Managing Older Workers Needs a Personal Touch
Thu, August 4, 2011 at 12:01 It is not enough to offer training courses to your employees. It is also not enough to offer generic workshops on financial planning to your older workers. If an individual’s personal circumstances and needs are not heard, understood or appreciated, your employees may feel undervalued. Each person’s situation and desire for their future will differ significantly. It is a very personal transition, which needs to be handled delicately and sensitively.
Financial planning is not enough to equip someone for such a shift. It’s important to take a more holistic approach taking in to account elements such as health, partners, family, hobbies, community work and the chance for further work.
Taking the time to really listen to, understand and accommodate the needs of each individual worker and to fully realise what they are facing and establish a positive way to make it work for both them personally, professionally and for the organisation, is win-win opportunity for all.
To expect managers to be able to deliver such a result is tough if not unrealistic. In order for an older worker to feel comfortable talking and opening up about their very personal circumstances and their deep desires, fears, concerns about moving forwards and how to make it work – they need to work with someone external to their organisation. Having an external expert who is outside their usual working environment and without any specific bias or agenda is a much more valuable means of helping an individual unpack what their specific needs are and to come up with a creative plan and solution to relay constructively back to the organisation.
It is only when you have this deep knowledge and understanding of an individual that you can come up with a transition plan that harnesses the best for both them personally and the company as a whole.
At the moment there is an unusual relationship between the employer and employee.

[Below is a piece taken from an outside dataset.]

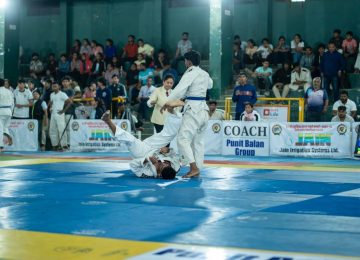 PUNEET BALAN GROUP: पुनीत बालन ग्रुप प्रस्तुत ५२ वी ज्युनिअर राज्यस्तरीय ज्यूडो क्रीडा स्पर्धा महाराष्ट्र ज्यूदो संघटना व जळगाव जिल्हा ज्यूदो हौशी असोसिएशनतर्फे दि. १ नोव्हेंबर ते २ नोव्हेंबर दरम्यान श्री छत्रपती शिवाजी महाराज जिल्हा क्रीडा संकुल, जळगाव येथे आयोजित करण्यात आली असून. स्पर्धेसाठी राज्यभरातून ३० जिल्हयाचे सुमारे ३५० खेळाडू व ८० संघ व्यवस्थापक, कोच, मॅनेजर, पंच सहभागी झाले आहेत (PUNEET BALAN GROUP) काल स्पर्धेचा पहिला दिवस होता.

When it comes to contracts, the financial and legal sides of them have been in place for many, many years. However, the psychological element of the contract is more inconsistent.
How does an employee feel about you, if you promised them a certain type of job, only for it to turn out that they’re not doing the sort of work that they expected to be doing? This isn’t a legal or contractual issue, but it is about why the worker was persuaded to take the job in the first place.
Employers may also get rid of people for different reasons, such as a worker becoming “too old”. However, a new agenda is looming; one in which employers will need to respect their workers – their elder colleagues. Older workers are being given more choice around when they wish to retire and the organisations, has to listen and accommodate them.
Flexibility is crucial for accommodating older colleagues and for most organisations this will be new territory to explore and develop effectively. The personal element is key in creating the right sort of flexible arrangement that works for each individual employee. It is no longer about the masses, the workers or the labour force. It is now about the individual and what they want and how to make it work well for them so that you – the employer, gets what you want from them.